To help tackle these problems, the African Development Bank, through its Technologies for African Agriculture Transformation in the Savannahs (TAAT-S) flagship initiative, implemented by the International Institute of Tropical Agriculture (IITA), provided Zambian farmers with a solution known as "seed bulking". This involves collecting seeds from a target crop and then growing them in a controlled setting.
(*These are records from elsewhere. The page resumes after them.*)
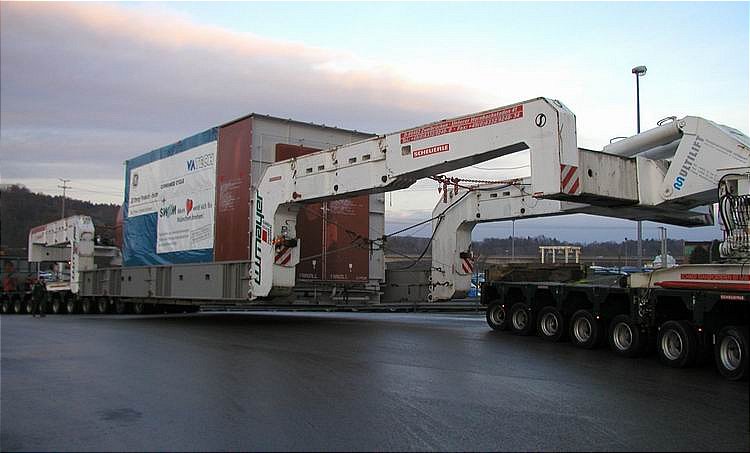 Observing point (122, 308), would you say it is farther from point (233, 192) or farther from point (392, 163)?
point (392, 163)

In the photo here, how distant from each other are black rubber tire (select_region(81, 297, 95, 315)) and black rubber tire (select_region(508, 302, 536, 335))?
17999 mm

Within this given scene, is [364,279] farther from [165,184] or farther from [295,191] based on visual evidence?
[165,184]

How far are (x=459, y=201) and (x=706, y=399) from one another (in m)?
9.70

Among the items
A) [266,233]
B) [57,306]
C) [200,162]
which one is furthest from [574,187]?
[57,306]

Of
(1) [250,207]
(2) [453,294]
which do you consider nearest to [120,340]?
(1) [250,207]

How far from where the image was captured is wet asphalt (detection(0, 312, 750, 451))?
5605 millimetres

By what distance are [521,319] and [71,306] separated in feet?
65.3

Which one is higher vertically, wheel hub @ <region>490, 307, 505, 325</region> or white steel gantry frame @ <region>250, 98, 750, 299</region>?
white steel gantry frame @ <region>250, 98, 750, 299</region>

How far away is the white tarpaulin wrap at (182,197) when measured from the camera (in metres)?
18.3

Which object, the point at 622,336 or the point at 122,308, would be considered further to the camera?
the point at 122,308

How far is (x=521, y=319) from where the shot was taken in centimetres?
1405

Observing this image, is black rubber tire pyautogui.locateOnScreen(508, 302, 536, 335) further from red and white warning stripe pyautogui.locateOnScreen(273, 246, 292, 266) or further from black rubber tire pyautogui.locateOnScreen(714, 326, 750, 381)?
red and white warning stripe pyautogui.locateOnScreen(273, 246, 292, 266)

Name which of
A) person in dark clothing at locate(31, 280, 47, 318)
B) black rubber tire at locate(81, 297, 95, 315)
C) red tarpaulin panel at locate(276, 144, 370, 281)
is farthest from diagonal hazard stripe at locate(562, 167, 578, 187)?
person in dark clothing at locate(31, 280, 47, 318)

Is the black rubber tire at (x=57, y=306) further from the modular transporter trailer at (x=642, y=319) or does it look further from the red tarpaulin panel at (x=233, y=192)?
the modular transporter trailer at (x=642, y=319) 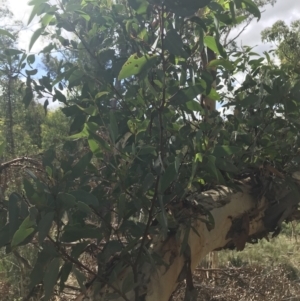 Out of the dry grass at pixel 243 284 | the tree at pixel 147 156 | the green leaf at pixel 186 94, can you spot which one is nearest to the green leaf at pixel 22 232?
the tree at pixel 147 156

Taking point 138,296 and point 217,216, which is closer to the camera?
point 138,296

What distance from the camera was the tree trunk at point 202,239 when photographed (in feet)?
3.83

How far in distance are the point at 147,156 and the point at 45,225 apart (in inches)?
15.4

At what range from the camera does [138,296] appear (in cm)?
114

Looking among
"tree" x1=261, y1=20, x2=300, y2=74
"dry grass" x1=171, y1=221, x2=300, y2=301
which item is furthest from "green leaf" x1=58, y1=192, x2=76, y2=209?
"tree" x1=261, y1=20, x2=300, y2=74

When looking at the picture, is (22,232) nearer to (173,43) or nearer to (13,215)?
(13,215)

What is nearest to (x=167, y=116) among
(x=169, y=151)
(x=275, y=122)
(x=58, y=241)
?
(x=169, y=151)

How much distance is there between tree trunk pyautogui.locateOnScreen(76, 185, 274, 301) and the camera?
3.83ft

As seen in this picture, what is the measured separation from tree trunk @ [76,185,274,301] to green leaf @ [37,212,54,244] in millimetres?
348

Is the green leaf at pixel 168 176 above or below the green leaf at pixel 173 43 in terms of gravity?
below

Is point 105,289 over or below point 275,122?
below

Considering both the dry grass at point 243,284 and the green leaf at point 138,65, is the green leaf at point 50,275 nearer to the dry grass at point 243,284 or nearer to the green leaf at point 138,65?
the green leaf at point 138,65

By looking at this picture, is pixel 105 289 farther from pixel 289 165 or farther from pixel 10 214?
pixel 289 165

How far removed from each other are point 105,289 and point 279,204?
0.87 meters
Using this method, farmers can multiply their bank of seeds, making them more secure and able to scale-up productivity.
In 2019, ITTA worked with agriculture specialists from the Zambian government and local partners to set up 58 cassava seed-bulking farms, with smallholder farmers managing the local outfits.
Five types of high-yielding cassava seeds were successfully introduced in an effort to boost yields and make the landlocked nation less reliant on food imports.
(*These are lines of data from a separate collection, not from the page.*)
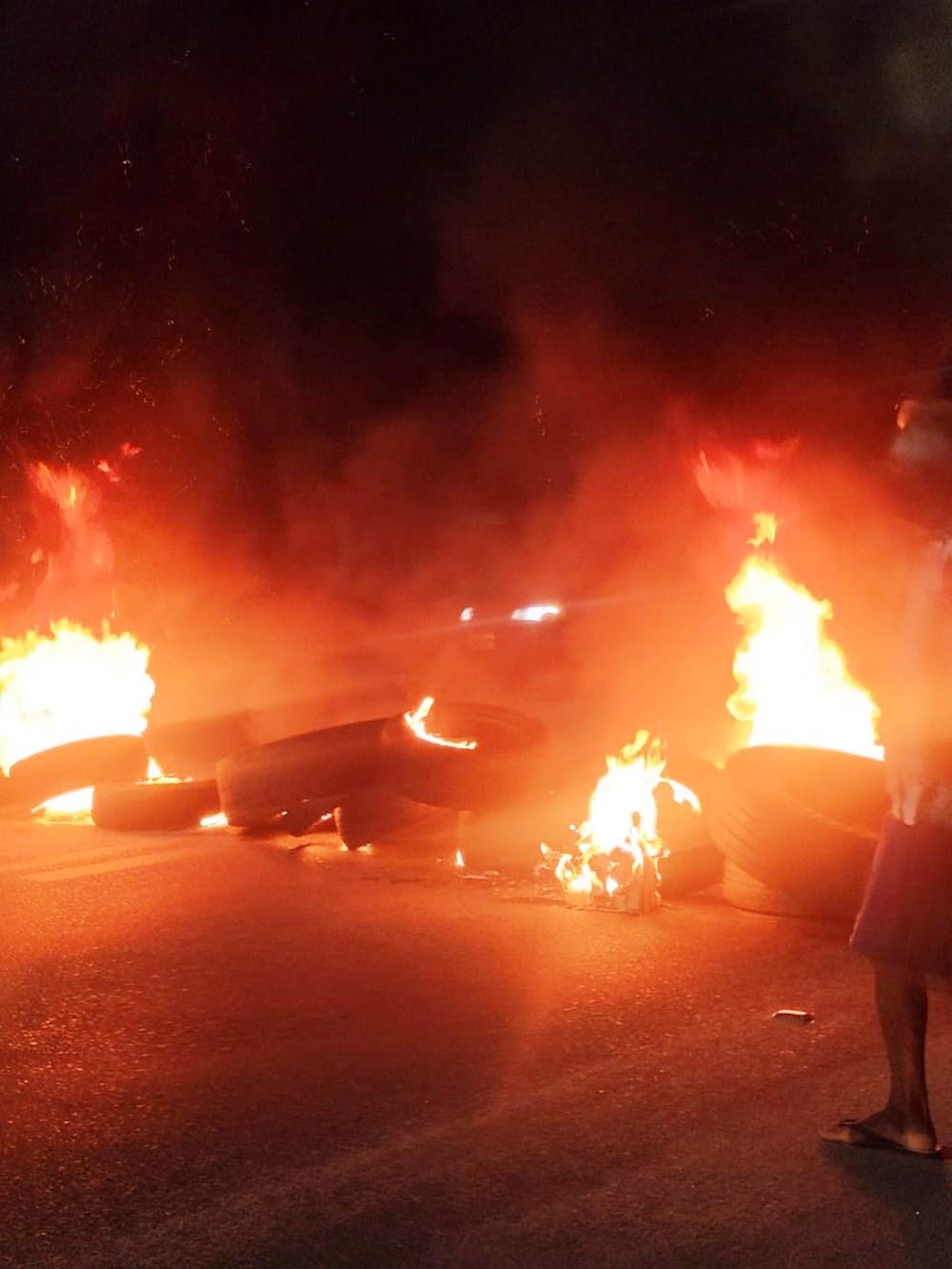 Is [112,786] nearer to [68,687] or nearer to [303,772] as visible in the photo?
[303,772]

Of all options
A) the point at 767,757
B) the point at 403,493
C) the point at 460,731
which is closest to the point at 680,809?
the point at 767,757

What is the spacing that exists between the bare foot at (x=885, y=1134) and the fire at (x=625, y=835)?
9.64 ft

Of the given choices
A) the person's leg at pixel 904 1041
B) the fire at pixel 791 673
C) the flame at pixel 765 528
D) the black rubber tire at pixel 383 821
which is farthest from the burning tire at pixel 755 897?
the flame at pixel 765 528

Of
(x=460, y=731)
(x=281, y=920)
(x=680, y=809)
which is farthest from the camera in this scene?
(x=460, y=731)

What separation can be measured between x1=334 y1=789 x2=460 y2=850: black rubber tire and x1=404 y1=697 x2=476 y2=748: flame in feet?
1.19

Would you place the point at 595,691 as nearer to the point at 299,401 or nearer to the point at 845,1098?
the point at 299,401

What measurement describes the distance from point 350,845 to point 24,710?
5.10 metres

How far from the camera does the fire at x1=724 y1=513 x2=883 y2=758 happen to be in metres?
9.01

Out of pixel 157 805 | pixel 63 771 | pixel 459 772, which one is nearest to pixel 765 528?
pixel 459 772

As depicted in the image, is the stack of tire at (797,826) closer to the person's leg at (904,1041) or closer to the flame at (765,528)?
the person's leg at (904,1041)

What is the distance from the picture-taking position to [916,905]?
160 inches

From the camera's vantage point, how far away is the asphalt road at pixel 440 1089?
11.8ft

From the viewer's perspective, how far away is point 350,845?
9086 millimetres

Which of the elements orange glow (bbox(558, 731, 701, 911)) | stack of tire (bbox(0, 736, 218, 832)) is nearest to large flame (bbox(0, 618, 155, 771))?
stack of tire (bbox(0, 736, 218, 832)) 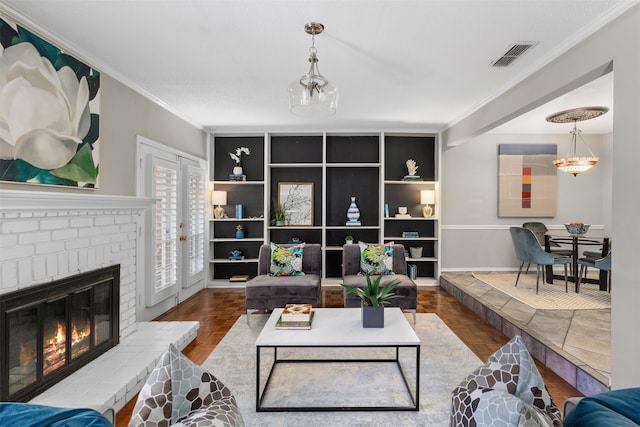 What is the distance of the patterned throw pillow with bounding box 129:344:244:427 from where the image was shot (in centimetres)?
96

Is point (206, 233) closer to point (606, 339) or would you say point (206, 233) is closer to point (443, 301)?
point (443, 301)

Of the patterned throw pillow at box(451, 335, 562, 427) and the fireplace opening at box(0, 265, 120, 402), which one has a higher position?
the patterned throw pillow at box(451, 335, 562, 427)

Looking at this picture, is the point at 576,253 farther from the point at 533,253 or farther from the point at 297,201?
the point at 297,201

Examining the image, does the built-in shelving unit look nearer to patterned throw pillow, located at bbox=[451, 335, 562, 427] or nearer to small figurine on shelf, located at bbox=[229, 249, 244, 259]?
small figurine on shelf, located at bbox=[229, 249, 244, 259]

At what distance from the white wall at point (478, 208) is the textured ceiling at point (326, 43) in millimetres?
1801

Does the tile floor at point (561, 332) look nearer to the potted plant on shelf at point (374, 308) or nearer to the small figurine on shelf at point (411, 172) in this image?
the potted plant on shelf at point (374, 308)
Operating under the TAAT-S initiative, each seed-bulking farm covered two or three types of high-yielding cassava seeds, to increase productivity to 20-30 tonnes per hectare, from a baseline of below 10 tonnes previously.
The farms were all located near various cassava processing facilities including through the recently constructed cassava milling plant developed by the AfDB-GAFSP financed Agriculture Productivity and Market Enhancement Project (APMEP).
The scheme is already up and running, and each seed-bulking farm was expected to utilise 174 hectares of land to multiply cassava seeds at the 58 locations spread across a nation of more than 17 million people.
This would translate into the planting of 1,740 hectares of cassava seed farms in 2021, which would generate seeds for cultivation to produce around 43,500 tonnes of cassava root. Once milled into flour, this would represent 10,875 tonnes of food -- capable of feeding more than 3.6 million people.
In 2022, the replanting of cuttings from cassava roots would scale up across 17,400 hectares of land to produce some 435,000 tonnes of root the following year. Some 23,000 tonnes of excess root could then be processed into starch, making Zambia less reliant on imports.
The scheme is important because agriculture is a driver of Zambia's $27.5 billion (2019) economy. The sector provides work for more than half of the country's workers.
In addition to cassava, Zambian farmers grow corn, sorghum, rice, peanuts, sunflower seeds, vegetables, flowers, tobacco, cotton, sugarcane and coffee. They also rear cattle, goats, pigs and poultry. Almost a third of Zambia's land is devoted to farming.
Agriculture is one of the Bank's main focus areas under its "Feed Africa," High Five priority, which aims to tackle high rates of poverty, unemployment and malnutrition in sub-Saharan Africa.
Climate change has become an added challenge. Flooding, droughts and swarms of locusts have ravaged harvests across Africa in recent years, pushing farmers into poverty and making governments spend more foreign currency on imports.
Experts believe that modified seeds could help millions of smallholder farmers to get bigger harvests and earn extra cash. Getting improved seeds to more farmers will also help lower food prices, make it easier for parents to feed their children and therefore reduce malnutrition and other health concerns.